Ignoring every picture, transcribe the data in full as it stands.

[[ Information provided, beginning ]]

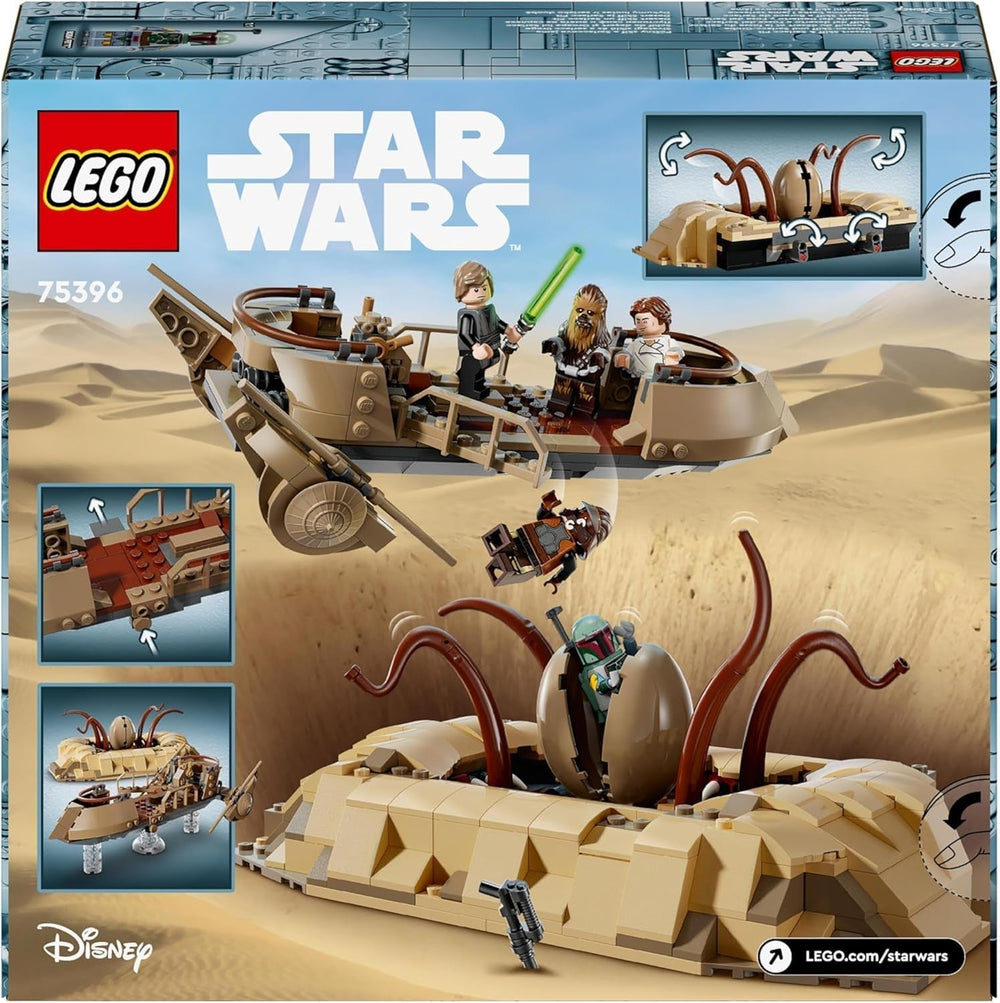 LEGO Star Wars : Le Retour du Chevalier Jedi Desert Skiff et Sarlacc Pit Fantasy Collection et jeu de construction Jouet de construction Cadeau pour garçons, filles et tous les fans 75396 Jeux de construction Besuche den LEGO-Store
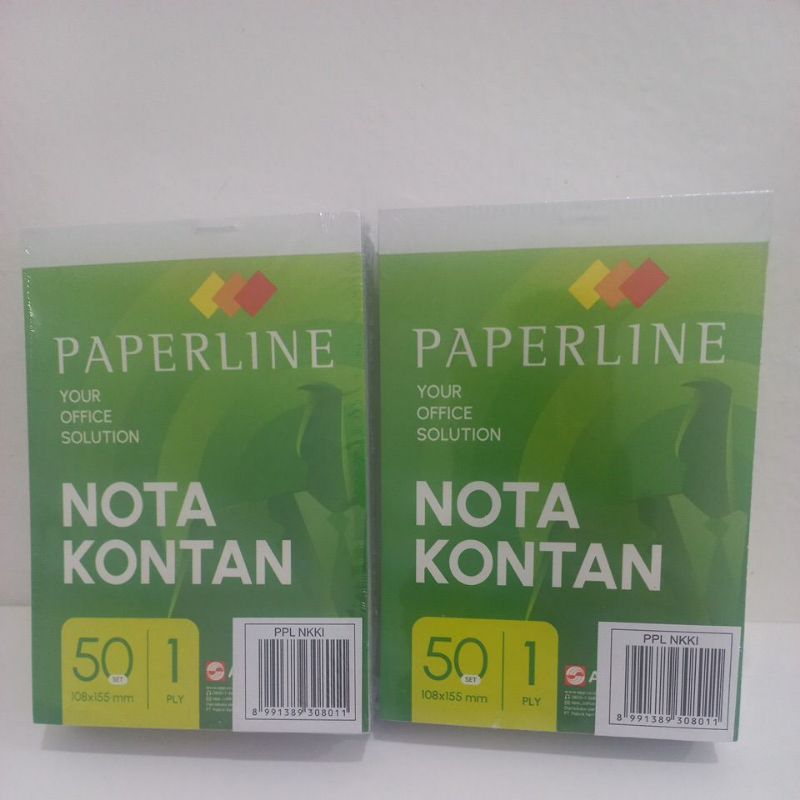 

Ay00! Nota K1 Paperline/Harga untuk Per/Pak (Isi 10 Buku)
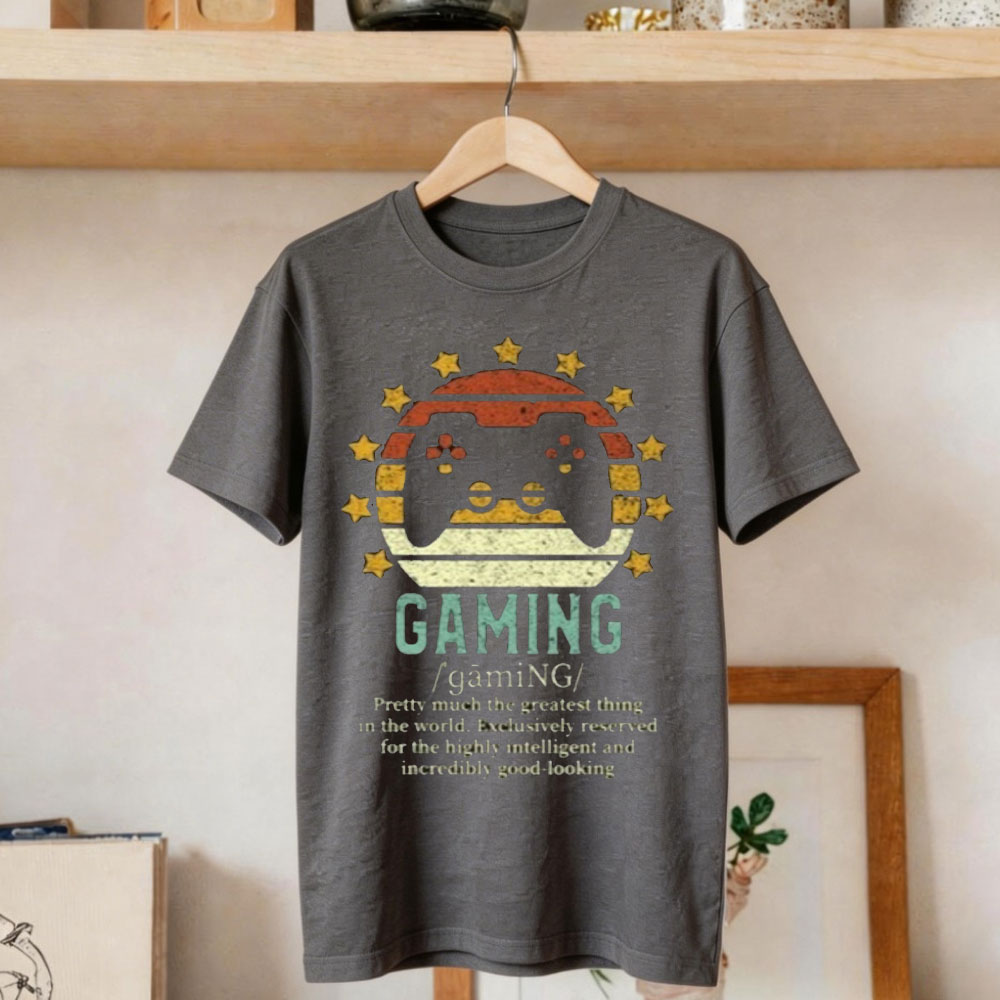 Funny Gaming Definition T-shir - Gaming Console Definition avaliação e preço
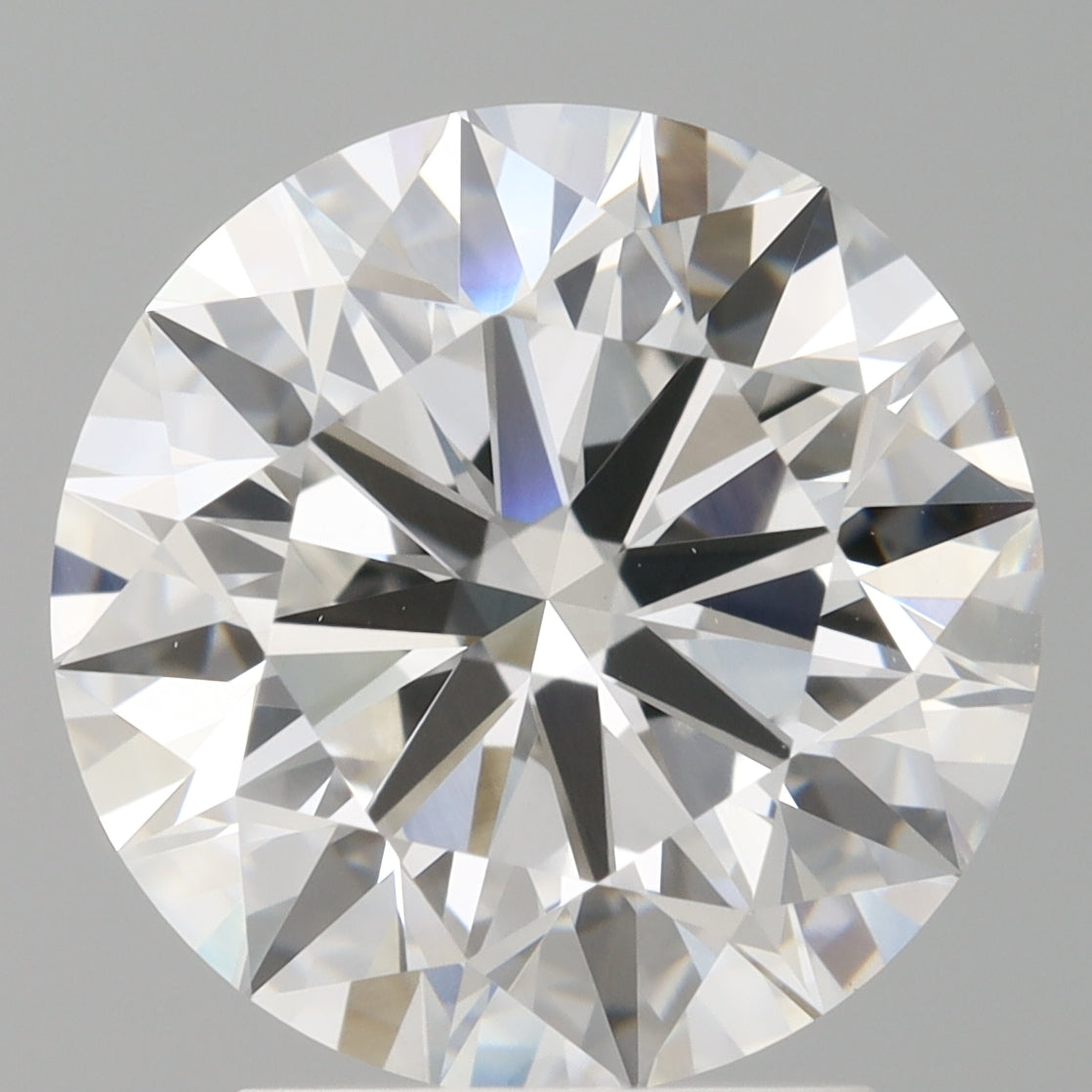 3.03 Carat Round Shaped, Excellent Cut, E Color, VVS2 Clarity, IGI Certified Lab Grown Diamond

[[ Information provided, end ]]

| Your response |
 LEGO Star Wars : Le Retour du Chevalier Jedi Desert Skiff et Sarlacc Pit Fantasy Collection et jeu de construction Jouet de construction Cadeau pour garçons, filles et tous les fans 75396 Jeux de construction Besuche den LEGO-Store

Ay00! Nota K1 Paperline/Harga untuk Per/Pak (Isi 10 Buku)
 Funny Gaming Definition T-shir - Gaming Console Definition avaliação e preço
 3.03 Carat Round Shaped, Excellent Cut, E Color, VVS2 Clarity, IGI Certified Lab Grown Diamond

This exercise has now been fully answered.